In the past few weeks, there’s been a lot of chatter in the AI world that the current method of building increasingly powerful models may be reaching its limits.

The current “scaling law” of today’s large language models has essentially boiled down to more data plus more GPUs equals more capable models. This simple equation has helped push GPU behemoth Nvidia rise to the most valuable company in the US.

Now evidence is starting to appear that indicates these consistent gains may be starting to plateau. That would be very bad news for Nvidia, which Wall Street expects extremely high growth from.

But in yesterday’s third-quarter earnings call, Nvidia CEO Jensen Huang did not seem alarmed. When asked about this on the call, Huang said:

“As you know, this is an empirical law, not a fundamental physical law. But the evidence is that it continues to scale. What were learning, however, is that its not enough, that weve now discovered two other ways to scale.”

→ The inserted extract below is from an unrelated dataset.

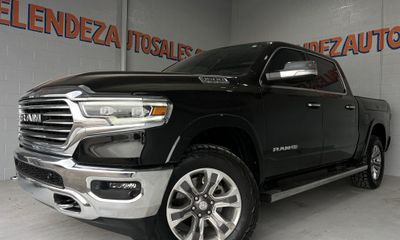 2022 Ram 1500 Longhorn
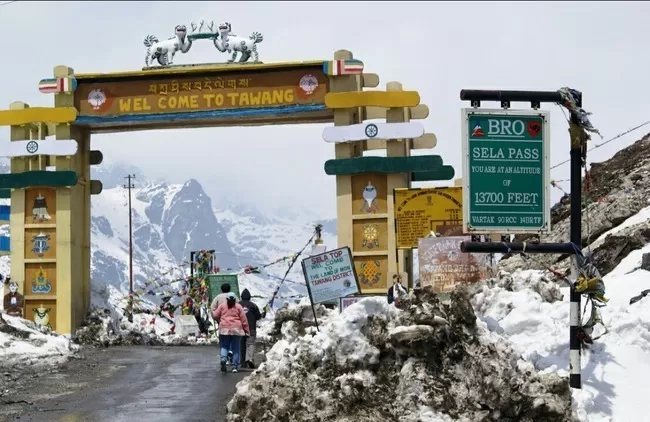 Photo of Sela Pass by The Travelling Assassin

Huang pointed to OpenAI’s latest model, OpenAI o1, as “one of the most exciting developments” in the effort to keep scaling AI gains, as it uses a multistep “reasoning” process to break queries down into steps. “The longer it thinks, the better and higher-quality answer it produces,” Huang said.

Nvidia’s GPU business is booming, and the company pulled in over $30 billion in Q3, up 112% year over year. The company is in the midst of a transition to a new class of “Blackwell” chips after supplying pretty much every company with its “Hopper” H100 GPUs, which helped train many of the foundational models in use today.

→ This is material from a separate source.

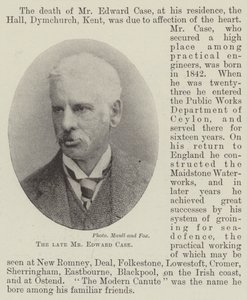 Feu M. Edward Case - English Photographer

Intense competition for Nvidia’s GPUs have led to supply constraints, raising questions about the company’s ability to ramp up enough chips to meet demand, though Huang expects a smooth transition from the Hoppers to the Blackwells.

“Hopper demand will continue through next year, surely the first several quarters of the next year. And meanwhile, we will ship more Blackwells next quarter than this, and well ship more Blackwells the quarter after that than our first quarter,” Huang said.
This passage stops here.